The two pillars of Hungary’s economic policy are financial stability and reforms, Minister of State at the Ministry for National Economy Zoltán Cséfalvay said at a conference.
At the Hungarian Business Leaders Forum (HBLF) the Minister of State said that stability measures, reforms and the abrogation of the excessive deficit procedure will enable Hungary to resume the “success story” of the 1990s, characterized by a small, open and export-oriented economy.
Some signs of that are already appearing as Hungary was ranked as 9th on the latest Globalization Index of Ernst&Young; Zoltán Cséfalvay stressed adding that Hungarian exports constitute a significant portion of GDP, while the share of products of high added value within total exported goods is close to 20 percent.
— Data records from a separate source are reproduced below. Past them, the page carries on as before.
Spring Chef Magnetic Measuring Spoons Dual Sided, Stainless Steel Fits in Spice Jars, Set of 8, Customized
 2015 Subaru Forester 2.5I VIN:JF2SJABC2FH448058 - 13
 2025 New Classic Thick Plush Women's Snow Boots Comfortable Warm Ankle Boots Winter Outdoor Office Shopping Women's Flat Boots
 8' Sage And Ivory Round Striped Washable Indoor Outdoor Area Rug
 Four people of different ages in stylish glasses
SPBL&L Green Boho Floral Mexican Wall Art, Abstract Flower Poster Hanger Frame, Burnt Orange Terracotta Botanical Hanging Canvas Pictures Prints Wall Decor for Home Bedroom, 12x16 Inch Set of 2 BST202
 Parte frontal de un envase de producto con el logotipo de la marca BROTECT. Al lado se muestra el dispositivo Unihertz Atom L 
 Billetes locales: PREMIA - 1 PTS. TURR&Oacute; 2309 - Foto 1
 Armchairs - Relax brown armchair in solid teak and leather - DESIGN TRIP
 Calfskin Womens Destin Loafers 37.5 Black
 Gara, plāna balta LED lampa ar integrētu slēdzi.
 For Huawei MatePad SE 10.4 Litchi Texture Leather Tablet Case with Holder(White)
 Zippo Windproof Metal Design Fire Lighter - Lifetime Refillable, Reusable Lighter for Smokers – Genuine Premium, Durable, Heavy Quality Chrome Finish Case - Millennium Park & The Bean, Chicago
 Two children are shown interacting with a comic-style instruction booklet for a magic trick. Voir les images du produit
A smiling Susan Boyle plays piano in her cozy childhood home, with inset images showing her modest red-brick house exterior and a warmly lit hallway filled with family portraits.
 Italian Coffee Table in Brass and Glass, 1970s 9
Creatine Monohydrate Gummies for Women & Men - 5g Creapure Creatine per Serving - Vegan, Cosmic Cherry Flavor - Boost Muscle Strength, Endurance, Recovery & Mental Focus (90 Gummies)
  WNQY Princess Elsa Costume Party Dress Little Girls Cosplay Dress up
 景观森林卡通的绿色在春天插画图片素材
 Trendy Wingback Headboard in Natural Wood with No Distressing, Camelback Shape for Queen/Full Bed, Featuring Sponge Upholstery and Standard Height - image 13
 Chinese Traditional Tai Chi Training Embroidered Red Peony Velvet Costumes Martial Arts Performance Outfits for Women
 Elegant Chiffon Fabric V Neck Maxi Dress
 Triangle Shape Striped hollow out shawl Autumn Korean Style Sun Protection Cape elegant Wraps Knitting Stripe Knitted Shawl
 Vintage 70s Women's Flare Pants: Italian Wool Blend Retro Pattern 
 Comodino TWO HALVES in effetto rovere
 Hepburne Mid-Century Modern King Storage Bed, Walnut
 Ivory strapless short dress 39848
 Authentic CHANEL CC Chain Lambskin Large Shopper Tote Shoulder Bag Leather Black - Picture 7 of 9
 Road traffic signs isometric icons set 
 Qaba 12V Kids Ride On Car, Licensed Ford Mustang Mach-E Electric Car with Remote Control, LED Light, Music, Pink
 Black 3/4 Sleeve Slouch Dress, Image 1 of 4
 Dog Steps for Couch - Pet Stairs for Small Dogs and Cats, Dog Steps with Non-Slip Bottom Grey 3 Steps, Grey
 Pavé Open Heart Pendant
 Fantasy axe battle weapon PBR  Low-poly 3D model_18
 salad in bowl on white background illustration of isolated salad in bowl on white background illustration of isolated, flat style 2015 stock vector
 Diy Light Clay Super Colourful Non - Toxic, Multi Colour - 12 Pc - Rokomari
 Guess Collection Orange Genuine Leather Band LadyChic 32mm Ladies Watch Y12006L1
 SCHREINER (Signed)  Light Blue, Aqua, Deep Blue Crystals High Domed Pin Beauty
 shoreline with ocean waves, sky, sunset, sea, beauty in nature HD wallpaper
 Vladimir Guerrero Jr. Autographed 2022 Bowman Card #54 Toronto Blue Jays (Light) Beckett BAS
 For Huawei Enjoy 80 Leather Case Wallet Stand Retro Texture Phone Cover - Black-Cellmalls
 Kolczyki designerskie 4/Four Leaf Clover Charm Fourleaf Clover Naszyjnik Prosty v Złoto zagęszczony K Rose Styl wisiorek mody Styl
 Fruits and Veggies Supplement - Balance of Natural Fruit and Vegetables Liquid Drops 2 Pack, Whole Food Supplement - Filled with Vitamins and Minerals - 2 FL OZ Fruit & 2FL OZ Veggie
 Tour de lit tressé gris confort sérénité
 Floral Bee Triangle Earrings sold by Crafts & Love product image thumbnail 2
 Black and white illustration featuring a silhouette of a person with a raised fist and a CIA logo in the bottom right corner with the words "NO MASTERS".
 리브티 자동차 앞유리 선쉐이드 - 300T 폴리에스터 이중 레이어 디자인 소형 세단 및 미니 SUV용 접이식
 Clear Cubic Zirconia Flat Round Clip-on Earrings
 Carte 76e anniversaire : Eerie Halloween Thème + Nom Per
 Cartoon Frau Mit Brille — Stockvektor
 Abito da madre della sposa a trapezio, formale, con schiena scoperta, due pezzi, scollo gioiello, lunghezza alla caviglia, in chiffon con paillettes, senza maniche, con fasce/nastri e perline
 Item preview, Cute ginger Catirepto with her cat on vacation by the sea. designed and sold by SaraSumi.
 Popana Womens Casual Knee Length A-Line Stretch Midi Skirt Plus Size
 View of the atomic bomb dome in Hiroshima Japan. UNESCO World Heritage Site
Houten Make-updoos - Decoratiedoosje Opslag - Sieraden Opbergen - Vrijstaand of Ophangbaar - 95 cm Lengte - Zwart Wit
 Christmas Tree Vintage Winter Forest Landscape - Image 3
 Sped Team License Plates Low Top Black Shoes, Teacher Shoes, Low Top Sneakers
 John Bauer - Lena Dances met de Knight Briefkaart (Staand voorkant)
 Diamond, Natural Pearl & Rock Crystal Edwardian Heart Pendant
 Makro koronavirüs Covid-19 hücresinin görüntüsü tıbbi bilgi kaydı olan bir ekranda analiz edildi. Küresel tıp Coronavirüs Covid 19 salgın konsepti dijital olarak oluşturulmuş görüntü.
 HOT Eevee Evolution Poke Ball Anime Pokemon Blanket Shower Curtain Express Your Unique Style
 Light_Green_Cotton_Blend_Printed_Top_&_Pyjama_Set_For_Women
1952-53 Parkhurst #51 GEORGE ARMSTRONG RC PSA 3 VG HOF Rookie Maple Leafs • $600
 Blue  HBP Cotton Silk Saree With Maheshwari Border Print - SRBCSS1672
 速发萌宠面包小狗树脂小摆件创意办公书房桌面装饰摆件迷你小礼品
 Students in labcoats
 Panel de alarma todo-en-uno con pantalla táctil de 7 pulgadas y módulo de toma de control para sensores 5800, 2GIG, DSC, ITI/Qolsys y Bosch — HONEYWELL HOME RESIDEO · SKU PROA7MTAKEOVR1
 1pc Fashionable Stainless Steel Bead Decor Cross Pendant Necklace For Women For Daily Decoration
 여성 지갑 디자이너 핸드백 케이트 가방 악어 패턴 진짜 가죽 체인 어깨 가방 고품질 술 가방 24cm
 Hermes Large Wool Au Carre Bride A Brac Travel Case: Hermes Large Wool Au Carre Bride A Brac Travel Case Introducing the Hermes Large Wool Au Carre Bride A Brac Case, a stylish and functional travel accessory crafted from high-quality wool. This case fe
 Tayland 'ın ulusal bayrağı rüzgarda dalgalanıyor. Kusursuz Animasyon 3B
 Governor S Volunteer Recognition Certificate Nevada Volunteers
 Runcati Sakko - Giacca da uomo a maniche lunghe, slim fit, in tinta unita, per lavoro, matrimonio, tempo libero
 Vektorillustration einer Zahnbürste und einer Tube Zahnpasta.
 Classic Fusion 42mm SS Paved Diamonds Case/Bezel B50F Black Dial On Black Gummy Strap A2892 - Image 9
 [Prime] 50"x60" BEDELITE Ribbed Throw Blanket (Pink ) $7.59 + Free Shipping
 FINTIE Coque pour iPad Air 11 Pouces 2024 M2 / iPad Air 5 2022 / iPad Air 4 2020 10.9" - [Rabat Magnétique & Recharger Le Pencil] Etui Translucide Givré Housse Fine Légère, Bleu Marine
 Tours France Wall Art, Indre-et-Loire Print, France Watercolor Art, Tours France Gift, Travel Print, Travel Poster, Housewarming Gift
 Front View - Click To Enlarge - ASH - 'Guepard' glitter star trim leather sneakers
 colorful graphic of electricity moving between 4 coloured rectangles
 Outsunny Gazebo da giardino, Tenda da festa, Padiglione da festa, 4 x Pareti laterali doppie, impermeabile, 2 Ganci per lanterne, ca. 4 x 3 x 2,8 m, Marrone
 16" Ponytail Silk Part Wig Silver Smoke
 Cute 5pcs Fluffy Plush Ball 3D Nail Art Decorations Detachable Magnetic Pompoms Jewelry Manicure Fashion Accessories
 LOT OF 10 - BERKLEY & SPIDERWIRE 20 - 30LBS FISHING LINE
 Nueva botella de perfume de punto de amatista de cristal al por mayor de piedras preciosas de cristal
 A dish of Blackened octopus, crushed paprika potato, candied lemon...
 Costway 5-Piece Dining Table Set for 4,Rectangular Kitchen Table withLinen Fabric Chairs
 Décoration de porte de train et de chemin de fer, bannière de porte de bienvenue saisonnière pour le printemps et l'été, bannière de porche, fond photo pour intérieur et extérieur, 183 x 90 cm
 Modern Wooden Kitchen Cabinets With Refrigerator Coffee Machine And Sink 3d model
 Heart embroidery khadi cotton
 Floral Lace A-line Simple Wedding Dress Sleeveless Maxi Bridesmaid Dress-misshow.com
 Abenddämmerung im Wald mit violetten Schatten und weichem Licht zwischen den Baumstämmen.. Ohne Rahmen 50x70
By introducing stability measures the Government intended to share the burdens and risks of the crisis. Among reforms he highlighted the public administration reform which aimed for economies of scale by the transformation of county and district administration; the labour market reform establishing flexible labour market regulation and institutional reforms such as the new Fiscal Council.
The already completed taxation reform assists the improvement of competitiveness by reducing taxes on incomes and increasing those on consumption, said Zoltán Cséfalvay.
The Minister of State added that general government debt has been on a downward path since 2012, central budget deficit was below 3 percent in 2012 and may be around 2.7 percent according to EU methodology. He also stressed that there will be no “election time budget” in 2014, because “this Government will preserve the achievement of a below 3 percent deficit also in the future”.